The ingenious production of Claus Guth, which explored the way in which human beings use masks to disguise emotions but also political power games, required him to run through a gamut of feelings and behaviour, but he did so very well. With the exception of Elizabeth Reiter who gave an unusually intense performance as Oscar, and Bernadett Fodor, a forthright Ulrica, that could not be said of the remaining principal singers who, while vocally competent , were dramatically pale. The major disappointment of the evening was, however, the pedestrian interpretation of the score by the Greek conductor Stamatia Karampini.
The following evening, a rare production of Sicilian Vespers, sung in the original French, in contrast was a triumph, both musically and dramatically. The young Spaniard conductor Pablo Heras-Caldo made us believe that this was a neglected masterpiece of Verdi. While quite ready to let things rip when passion was necessary, he brought out nuances in the score, particularly in the quieter, more introspective moments. And Jens-Daniel Herzog’s updating of the piece to the 1940s was marvelously successful at bringing home to the audience the awful dilemmas that arise when partisans must risk their lives to thwart occupying forces with violence. Too often, updatings of this kind work only partially, but this was remarkable in its coherence and conviction.

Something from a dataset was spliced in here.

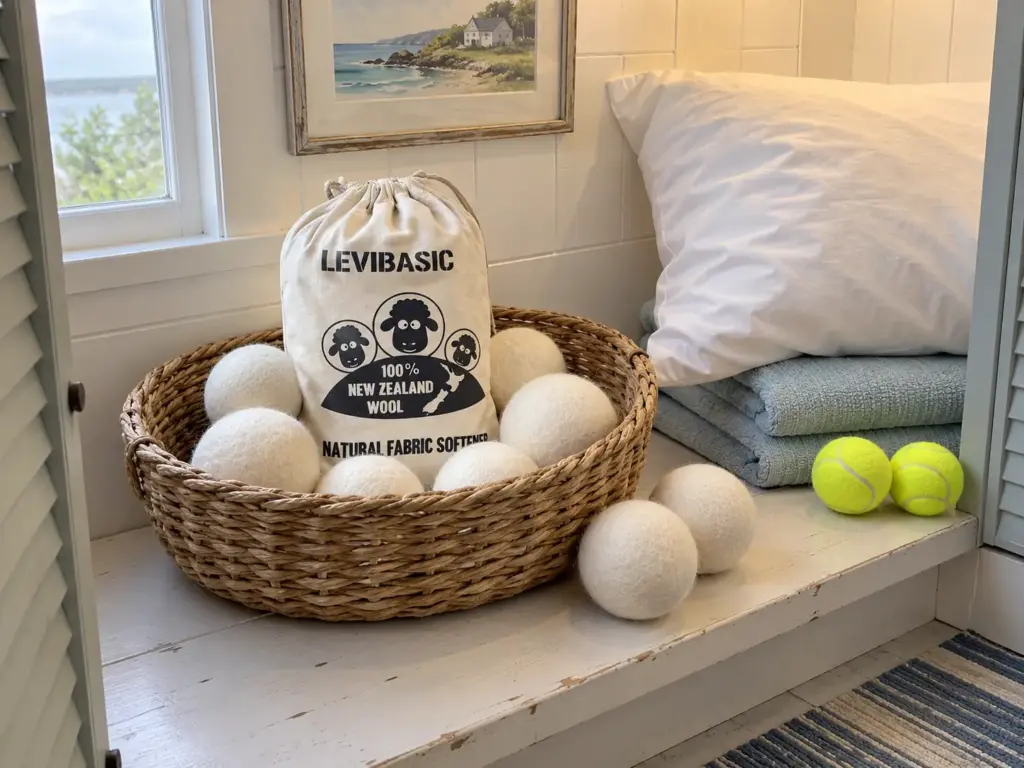 Wool dryer balls in a wicker basket on a laundry bench beside a pillow resting on folded dry towels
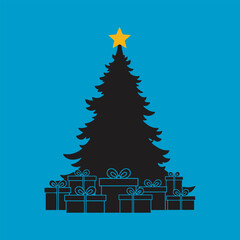 christmas card with christmas tree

Alfred Kim’s tenor may lack colour, but he sang with enormous energy and was most convincing in portraying the weaknesses of Henri, who has with tragic consequences to change sides. I last saw the American baritone Quinn Kelsey ambling through a bad old-fashioned production of Lucia di Lammermoor at Berlin. It came as a surprise, therefore, that his intense, powerful interpretation of Montfort, the occupying dictator, was a vocal and dramatic tour de force. Yet, for me, the outstanding individual was Elza van den Heever. She had completely internalised her role as the heroine whose commitment to resistance is threatened by love, and in her bodily movements and facial gestures, as well as in vocal phrasing, was able to communicate all the ambiguities present in her situation. Subject to only one qualification – a lacklustre Procida by Raymond Aceto – this was an exhilarating evening of musical theatre.